Horsham was certainly proud to be regarded so highly as a leading UK town but it was not unexpected. 7 out the 10 best towns were located in South East England.[7]

In 2007 a Reader's Digest poll put Horsham as the 25th best place in mainland Britain to bring up a family."

and here's a contrasting view, from the same;

"Horsham was included as number 27 in the book 'Crap Towns: The 50 Worst Places To Live In The UK'. The book describes Horsham as "a No Fun Zone run by old conservatives for old conservatives." 

http://en.wikipedia.org/wiki/Horsham

I suppose it depends what you're looking for.


----------



## vokey (Nov 15, 2008)

see you on the ring road


----------



## HackneyE9 (Nov 16, 2008)

I wouldn't trust those 'best town' polls - could still be a soulless stockbroker belt domitory village and get those scores, surely?

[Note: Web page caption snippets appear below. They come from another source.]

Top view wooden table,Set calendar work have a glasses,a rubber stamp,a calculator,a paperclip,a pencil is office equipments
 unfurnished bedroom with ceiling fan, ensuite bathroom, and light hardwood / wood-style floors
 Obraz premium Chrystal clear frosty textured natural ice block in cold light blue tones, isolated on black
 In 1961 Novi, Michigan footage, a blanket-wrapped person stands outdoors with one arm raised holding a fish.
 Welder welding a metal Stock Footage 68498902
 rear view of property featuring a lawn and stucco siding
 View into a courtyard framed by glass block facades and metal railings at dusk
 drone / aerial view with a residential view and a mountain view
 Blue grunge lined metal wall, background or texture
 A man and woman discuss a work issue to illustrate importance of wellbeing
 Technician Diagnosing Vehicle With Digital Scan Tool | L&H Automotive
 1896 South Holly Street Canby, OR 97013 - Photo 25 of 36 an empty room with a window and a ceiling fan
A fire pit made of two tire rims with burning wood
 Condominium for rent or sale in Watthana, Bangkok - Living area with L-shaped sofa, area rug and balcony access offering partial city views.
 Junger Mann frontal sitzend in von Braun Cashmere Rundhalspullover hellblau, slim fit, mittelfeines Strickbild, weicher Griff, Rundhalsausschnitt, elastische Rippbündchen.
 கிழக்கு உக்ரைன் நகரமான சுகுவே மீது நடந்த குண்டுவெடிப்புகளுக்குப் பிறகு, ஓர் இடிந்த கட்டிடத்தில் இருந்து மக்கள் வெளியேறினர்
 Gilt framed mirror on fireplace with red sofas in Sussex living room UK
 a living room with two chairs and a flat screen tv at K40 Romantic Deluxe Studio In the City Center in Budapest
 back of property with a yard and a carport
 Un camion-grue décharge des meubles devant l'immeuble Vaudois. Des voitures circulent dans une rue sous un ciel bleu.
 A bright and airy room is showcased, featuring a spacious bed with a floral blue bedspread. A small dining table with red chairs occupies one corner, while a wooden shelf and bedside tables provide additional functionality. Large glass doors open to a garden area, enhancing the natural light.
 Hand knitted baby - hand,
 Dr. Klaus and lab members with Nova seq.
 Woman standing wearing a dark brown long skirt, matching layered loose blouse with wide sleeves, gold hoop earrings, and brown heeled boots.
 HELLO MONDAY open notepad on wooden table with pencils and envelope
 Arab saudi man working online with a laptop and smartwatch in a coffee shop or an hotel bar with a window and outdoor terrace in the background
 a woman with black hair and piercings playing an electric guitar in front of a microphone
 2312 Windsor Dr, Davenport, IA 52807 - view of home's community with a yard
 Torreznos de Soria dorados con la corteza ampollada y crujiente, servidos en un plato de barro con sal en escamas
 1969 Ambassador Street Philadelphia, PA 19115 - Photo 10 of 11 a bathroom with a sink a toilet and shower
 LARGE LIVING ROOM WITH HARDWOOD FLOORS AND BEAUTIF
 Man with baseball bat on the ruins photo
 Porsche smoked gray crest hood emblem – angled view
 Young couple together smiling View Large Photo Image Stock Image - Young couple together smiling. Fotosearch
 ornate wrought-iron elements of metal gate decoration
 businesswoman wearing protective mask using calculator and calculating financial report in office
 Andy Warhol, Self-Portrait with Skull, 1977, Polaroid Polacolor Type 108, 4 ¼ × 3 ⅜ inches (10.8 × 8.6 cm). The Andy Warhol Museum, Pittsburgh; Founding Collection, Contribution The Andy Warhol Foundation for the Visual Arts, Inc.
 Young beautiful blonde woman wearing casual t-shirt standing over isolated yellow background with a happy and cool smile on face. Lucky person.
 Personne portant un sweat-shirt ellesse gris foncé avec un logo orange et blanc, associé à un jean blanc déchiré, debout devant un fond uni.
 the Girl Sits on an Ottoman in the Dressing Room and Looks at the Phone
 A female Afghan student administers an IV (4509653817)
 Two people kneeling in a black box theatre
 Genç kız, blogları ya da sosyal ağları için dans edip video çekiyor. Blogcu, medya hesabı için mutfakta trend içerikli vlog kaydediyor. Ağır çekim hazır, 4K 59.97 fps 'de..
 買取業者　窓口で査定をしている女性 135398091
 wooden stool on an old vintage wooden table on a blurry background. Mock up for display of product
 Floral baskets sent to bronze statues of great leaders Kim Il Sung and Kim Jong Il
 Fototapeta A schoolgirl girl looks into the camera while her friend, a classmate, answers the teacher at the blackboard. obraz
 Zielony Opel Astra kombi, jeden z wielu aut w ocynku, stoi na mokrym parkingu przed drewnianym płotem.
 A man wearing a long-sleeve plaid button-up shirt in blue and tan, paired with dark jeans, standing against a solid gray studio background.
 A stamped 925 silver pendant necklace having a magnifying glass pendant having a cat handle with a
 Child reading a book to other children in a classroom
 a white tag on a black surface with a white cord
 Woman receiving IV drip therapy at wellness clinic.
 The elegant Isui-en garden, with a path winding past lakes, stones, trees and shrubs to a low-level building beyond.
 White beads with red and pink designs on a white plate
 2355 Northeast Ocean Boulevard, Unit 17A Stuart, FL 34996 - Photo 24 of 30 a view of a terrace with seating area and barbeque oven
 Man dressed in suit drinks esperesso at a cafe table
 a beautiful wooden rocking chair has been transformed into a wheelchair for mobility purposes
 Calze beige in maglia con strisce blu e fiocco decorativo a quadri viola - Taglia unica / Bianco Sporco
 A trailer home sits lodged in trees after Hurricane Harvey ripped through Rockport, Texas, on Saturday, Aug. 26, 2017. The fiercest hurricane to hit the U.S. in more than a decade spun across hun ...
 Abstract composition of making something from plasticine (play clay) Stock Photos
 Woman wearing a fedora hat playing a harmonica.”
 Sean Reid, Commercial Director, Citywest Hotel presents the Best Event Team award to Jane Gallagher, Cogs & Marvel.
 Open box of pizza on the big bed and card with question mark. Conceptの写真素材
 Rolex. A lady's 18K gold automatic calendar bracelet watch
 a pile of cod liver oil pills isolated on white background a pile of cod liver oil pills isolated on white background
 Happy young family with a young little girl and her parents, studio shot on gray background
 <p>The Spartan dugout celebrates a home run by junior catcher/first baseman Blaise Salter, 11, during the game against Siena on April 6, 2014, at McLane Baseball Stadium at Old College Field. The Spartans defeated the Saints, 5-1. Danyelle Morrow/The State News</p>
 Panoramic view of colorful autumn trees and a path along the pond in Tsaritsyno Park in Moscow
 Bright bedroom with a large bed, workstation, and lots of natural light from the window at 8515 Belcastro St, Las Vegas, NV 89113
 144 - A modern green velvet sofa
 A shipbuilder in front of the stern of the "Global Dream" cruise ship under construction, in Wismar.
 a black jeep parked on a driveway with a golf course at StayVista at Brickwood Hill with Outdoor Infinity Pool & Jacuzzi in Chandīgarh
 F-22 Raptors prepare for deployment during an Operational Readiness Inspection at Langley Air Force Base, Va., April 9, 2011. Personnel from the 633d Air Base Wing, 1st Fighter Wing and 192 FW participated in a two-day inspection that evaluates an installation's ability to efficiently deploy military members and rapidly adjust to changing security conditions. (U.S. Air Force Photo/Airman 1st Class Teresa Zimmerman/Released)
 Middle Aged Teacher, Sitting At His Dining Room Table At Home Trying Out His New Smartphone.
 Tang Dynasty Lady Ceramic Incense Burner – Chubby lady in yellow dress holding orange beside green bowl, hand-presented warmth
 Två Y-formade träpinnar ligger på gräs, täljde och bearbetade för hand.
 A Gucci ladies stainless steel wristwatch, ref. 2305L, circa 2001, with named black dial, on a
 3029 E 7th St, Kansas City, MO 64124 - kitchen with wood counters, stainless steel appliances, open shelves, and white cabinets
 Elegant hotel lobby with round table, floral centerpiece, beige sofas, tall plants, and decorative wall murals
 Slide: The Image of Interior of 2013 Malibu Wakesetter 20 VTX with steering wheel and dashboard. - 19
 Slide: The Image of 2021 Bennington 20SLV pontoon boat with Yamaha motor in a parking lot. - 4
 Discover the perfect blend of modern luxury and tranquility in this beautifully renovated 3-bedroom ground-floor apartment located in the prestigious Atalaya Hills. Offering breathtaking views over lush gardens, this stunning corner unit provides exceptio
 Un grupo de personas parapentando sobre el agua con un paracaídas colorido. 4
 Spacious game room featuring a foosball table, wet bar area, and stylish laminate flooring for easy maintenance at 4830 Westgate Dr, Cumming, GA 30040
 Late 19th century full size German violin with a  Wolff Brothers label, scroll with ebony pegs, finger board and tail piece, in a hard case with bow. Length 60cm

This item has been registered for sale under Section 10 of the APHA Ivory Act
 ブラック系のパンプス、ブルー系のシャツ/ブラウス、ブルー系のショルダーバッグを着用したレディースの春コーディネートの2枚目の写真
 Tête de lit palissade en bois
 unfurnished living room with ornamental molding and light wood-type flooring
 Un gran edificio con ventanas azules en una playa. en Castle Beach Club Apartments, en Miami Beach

My best mate grew up on Horsham. I've never heard him mention it, beyond reminiscing about going out in Brighton as a lad, so take from that what you will.


----------



## Roadkill (Nov 16, 2008)

HackneyE9 said:


> I wouldn't trust those 'best town' polls - could still be a soulless stockbroker belt domitory village and get those scores, surely?



They're just based on number-crunching the latest figures on health, education, crime, how fast house prices are rising etc etc in each local authority area.    Unsurprisingly, poor areas do badly and are sneered at by the presenters, whilst the winners are invariably affluent towns of precisely the sort that appeal to the property ladder-climbing middle classes who the programmes are aimed at.


----------



## yardbird (Nov 16, 2008)

Horsham is grim , but the main problem is that it's near Crawley!

Go nowhere near Crawley. If you do, don't may eye contact with anyone.
First time I went to the new mall (just go to buy a cd)  they had just had a 'jumper'


----------



## porno thieving gypsy (Nov 16, 2008)

its really boring


----------



## likesfish (Nov 16, 2008)

nice enough place to vist and 3 pwrr TA has it as its regimental HQ.
 its nicer than Crawely inland and flat so imho best avoided car parks are cheap


----------



## scruff (Nov 16, 2008)

Avoid Crawley at all costs.


----------



## ovaltina (Nov 16, 2008)

You've reminded me of this excellent website about Haywards Heath, which is almost Horsham but not quite 

http://thisishaywardsheath.com/home.htm

(very high employment around there thanks to Gatwick Airport by the way)


----------



## likesfish (Nov 16, 2008)

crawely does have a nice park that has a large lake I spent a few happy days trying to drown the youth and middle managers on team building events.
 haywards heath website a classic


----------



## zygote (Nov 17, 2008)

I grew up in Horsham and it was deadly dull.
I haven't been there for at least 20 years and have no plans to do so if at all possible.
It's a good place to leave.


----------



## Hocus Eye. (Nov 17, 2008)

Everybody thinks that their home town is dull and boring for youngsters.  My home town was dull and boring except for 6 weeks of the year.  It was a seaside holiday town.


----------



## sim667 (Nov 17, 2008)

Heya, I live in redhill not too far, and from my knowledge of dorking its pretty middle class and pretty middle of the road, not a huge amount going on there, but if its similar to where I live if you meet the right people then you can have a good laugh.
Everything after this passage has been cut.